A strategy for the UK North Sea oil and gas industry: work in progress

Following the recommendations of the Wood Review of the UK’s offshore oil and gas industry, and an initial debate in the House of Lords, clauses have been inserted into the Infrastructure Bill currently before Parliament to legislate for the key principle in Sir Ian Wood’s report, that of “maximising economic recovery of oil and gas for the UK” (MER UK). So far, though, the legislative provisions that have been put forward leave a number of questions unanswered about the new world of regulation according to the principle of MER UK.

Central to Wood’s vision (discussed in an earlier post on this Blog) was the recommendation that a new regulator with a duty to promote MER UK should replace the Department of Energy and Climate Change (DECC) as the body responsible for administering the licensing of petroleum extraction on the UK Continental Shelf. In its response to Wood, the Government has announced that such a body will be created, and indeed the Oil and Gas Authority (OGA) is already in the process of being established in Aberdeen.

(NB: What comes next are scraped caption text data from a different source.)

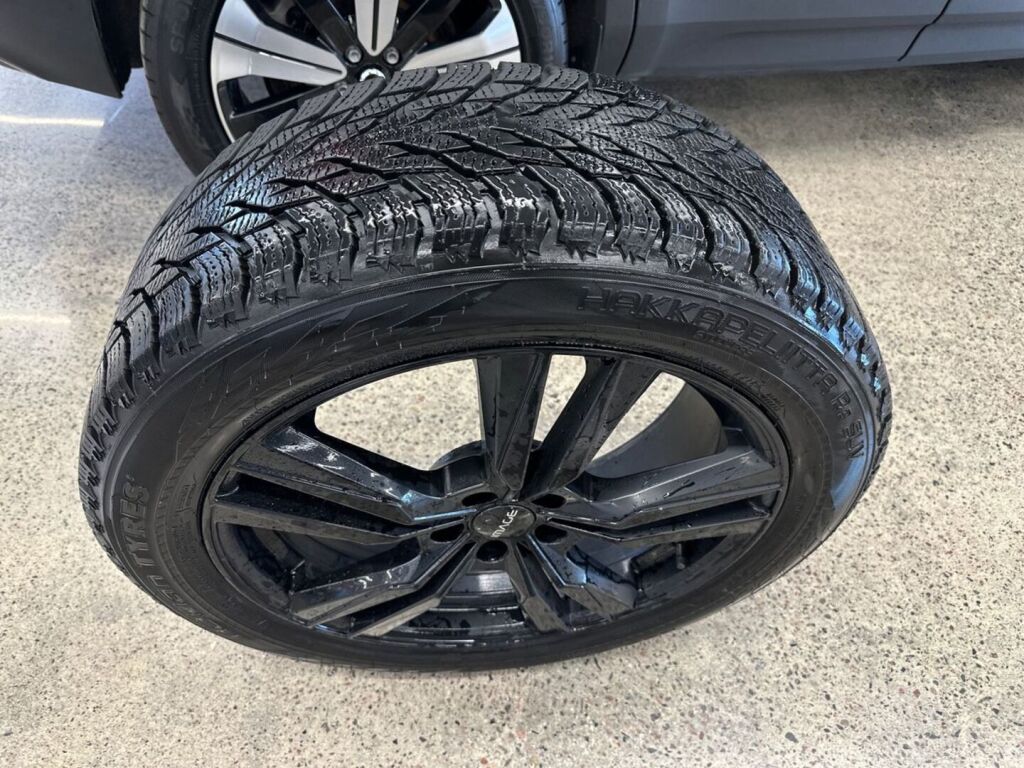 Volvo XC40 2023 Musta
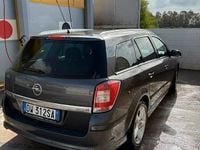 Usata Opel Astra Cosmo 125 CV (91 kW) 2009 Grigio Station wagon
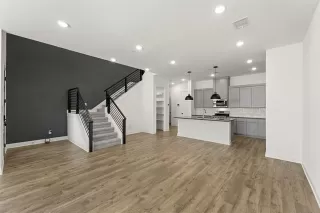 Photo #5: 21092468 Listing 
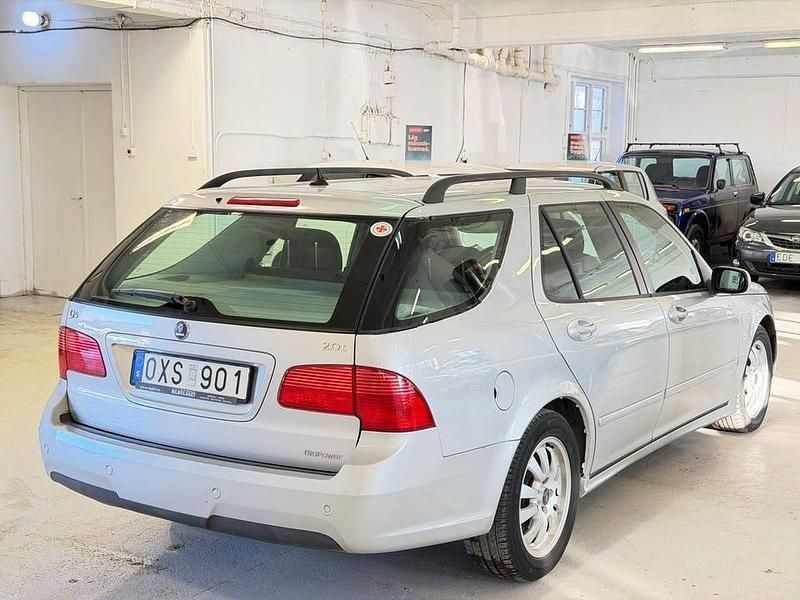 Begagnad Saab 9-5 Linear 150 HK (110 kW) 2007 Grå Kombi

The OGA is to be “an independent arm’s-length body, accountable to the DECC Secretary of State, working within a strategic policy and operating framework set by him…to deliver objectives established by him”. It is to use its powers to require licensed operators to act in accordance with MER UK principles and to “instil a new culture of partnership and challenge that will pervade the delivery of MER UK”.

However, there is no mention of the OGA in the Infrastructure Bill. It is said that there is not time to establish the OGA in its final form in the current Parliament, so it is to begin its life as an Executive Agency of the Department of Energy and Climate Change. Reading the new clauses, therefore,  one needs to be aware that some of the provisions that refer to the Secretary of State (those relating to licensing functions) will in due course presumably be amended to refer to the OGA, whilst others (those that refer to the establishment of the strategies) will not.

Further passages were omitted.